Doch nicht nur ihr Leben hat sich verändert. Gut 60 Jahre nach Maos Staatsgründung hat eine jahrzehntelang bevormundete Masse begonnen, über soziale Netzwerke drastisch Einfluss zu nehmen auf die politische, gesellschaftliche und wirtschaftliche Entwicklung ihres Landes. Die kontrollwütige Kommunistische Partei Chinas kann diesen Prozess kaum noch bremsen, der "Point of no return" ist längst überschritten.

Die Angst vor der Macht des Webs stand den Offiziellen der ostchinesischen Stadt Wenzhou Ende Juli letzten Jahres förmlich ins Gesicht geschrieben. Am 23. Juli 2011 ereignete sich dort ein Zugunglück mit offiziell 40 Toten und knapp 200 Verletzten. Die Reaktionen darauf übertrafen alle Befürchtungen der Behörden. Millionen Kommentare in Mikroblogs begleiteten die Bergungsarbeiten. Die Empörung darüber,

dass die Verantwortlichen die Hintergründe der Katastrophe zunächst vertuschen wollten, schwebte wie eine dunkle Wolke über den Funktionären. Sie waren es gewohnt, die öffentliche Meinung nach Gutdünken zu steuern. Jetzt waren sie ge- zwungen, vor der Öffentlichkeit Rechenschaft abzulegen. Die Wut im Internet bewirkte, dass Ministerpräsident Wen Jiabao vor Ort eine spontane Pressekonferenz gewährte, was sonst nie vorkommt.

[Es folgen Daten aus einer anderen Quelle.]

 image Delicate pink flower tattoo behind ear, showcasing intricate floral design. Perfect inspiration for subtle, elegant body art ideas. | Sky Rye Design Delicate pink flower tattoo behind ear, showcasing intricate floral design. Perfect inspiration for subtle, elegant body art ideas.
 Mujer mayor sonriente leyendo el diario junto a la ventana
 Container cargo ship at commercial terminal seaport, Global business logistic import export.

"Die Regierung hat beim Zugunglück in Wenzhou ihre Kontrolle über die Informationen an die sozialen Medien verloren", sagt Professor Wang Sixin von der Universität für Kommunikation in Peking. Journalisten und normale Bürger bloggten vom Ort des Geschehens über das, was sie sahen – und zwar schneller, als die Offiziellen über schönfärberische Sprachregelungen nachdenken konnten. Das nötigte die Regierung zu mehr Transparenz.

"Soziale Medien bieten Chinas Öffentlichkeit einen neuen Kanal, Informationen zu suchen oder sie selbst zu verbreiten", sagt Professor Wang, der das für eine gute Sache hält. Der Staat sieht das naturgemäß anders, weil die Kontrolle von Informationen zu den wichtigsten Werkzeugen eines autoritären Systems gehört. "Die neuen Medien bedeuten für die Regierung eine riesige Herausforderung. Sie machen die Kontrolle der Bürger unweigerlich schwieriger", sagt Wang.

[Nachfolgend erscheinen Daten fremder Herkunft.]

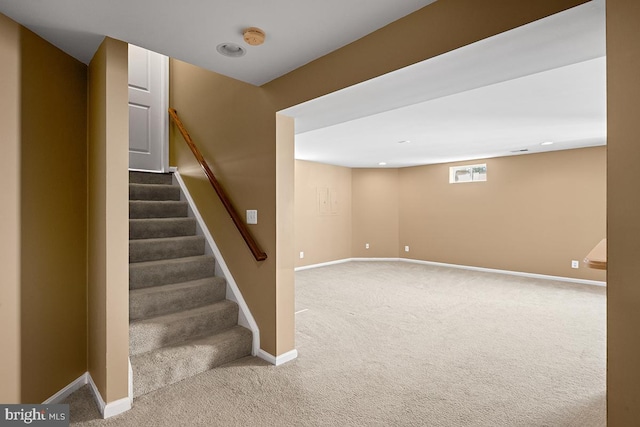 below grade area with baseboards, carpet floors, and stairs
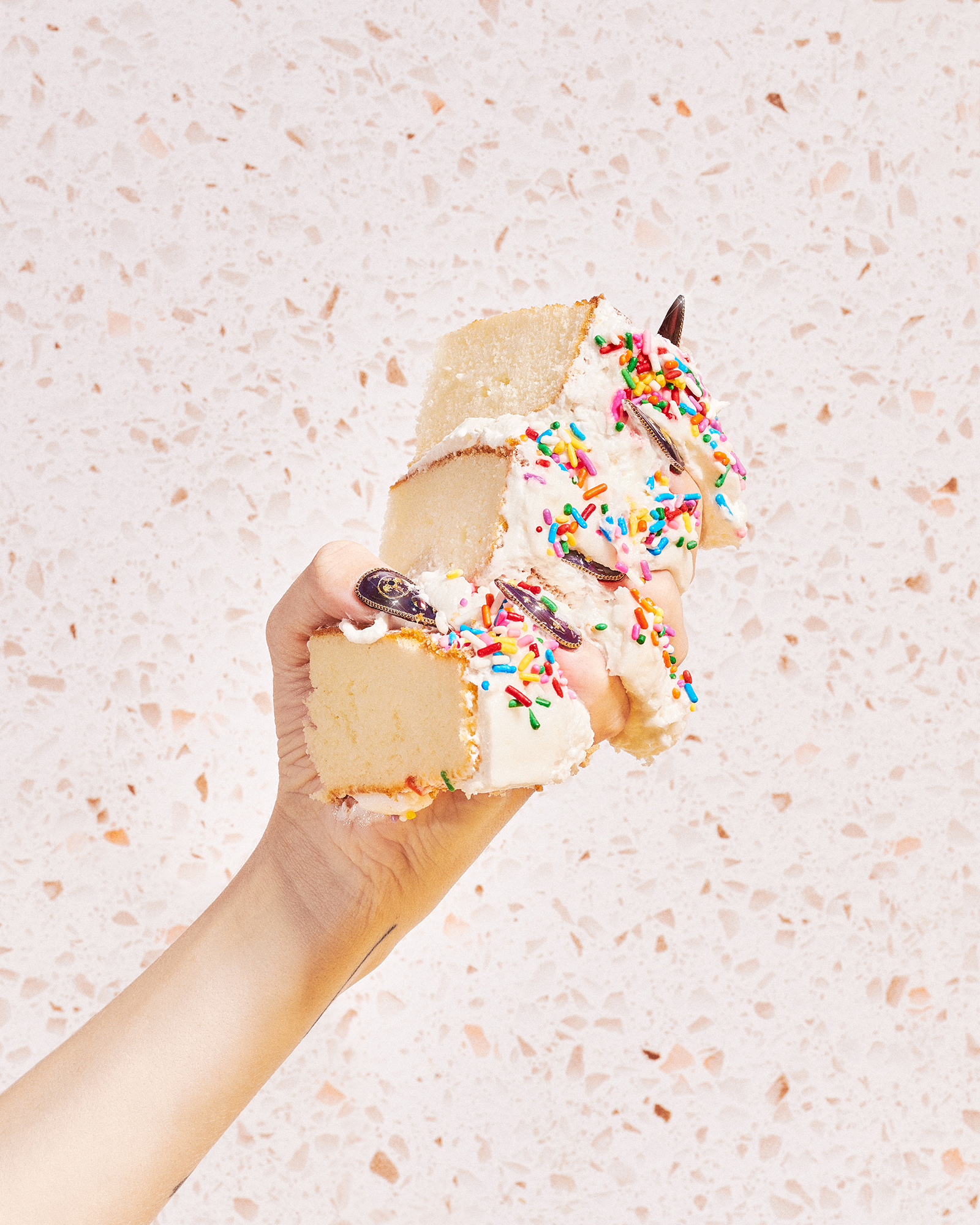 smashed-cake-slice-in-hand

Tagtäglich werden die sogenannten Weibos, wie Mikroblogs à la Twitter auf Mandarin heißen, beliebter. 2009 ging es los. Seitdem wachsen die Nutzerzahlen rasant. Im Jahr 2011 explodierten sie förmlich – 550 Millionen Konten sind mittlerweile in China registriert. Milliarden Nachrichten werden wöchentlich gepostet oder weiterverbreitet. Diese Flut an Kommentaren und Informationen lässt sich von den Zensoren des Staates nicht mehr zeitnah kontrollieren.

Regelmäßig macht die Kollektivkraft aus dem Netz ihren neuen Einfluss geltend und weist auf Missstände hin. Der 15-jährige Sohn eines namhaften Generals der Volksbefreiungsarmee bekam das im September zu spüren. Er saß im BMW eines Freundes, als der Wagen mit einem anderen Fahrzeug zusammenstieß. Daraufhin prügelte der Junge auf Zeugen des Unfalls ein und warnte die Geschädigten davor, die Polizei zu rufen. Mikroblogs verbreiteten die Geschichte, der 15- Jährige wurde später mit einer Erziehungsmaßnahme bestraft.

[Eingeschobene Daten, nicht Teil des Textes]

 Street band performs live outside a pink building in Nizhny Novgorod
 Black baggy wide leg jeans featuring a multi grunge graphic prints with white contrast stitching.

Über Mikroblogs entwickelte sich auch eine einzigartige Solidaraktion für den chinesischen Künstler Ai Weiwei. Dem Dissidenten wurde eine absurd hohe Steuernachzahlung aufgebrummt, die er binnen weniger Tage begleichen sollte. Andernfalls drohte ihm Haft. Tausende spendeten dem Künstler Geld, damit der die Forderung begleichen konnte.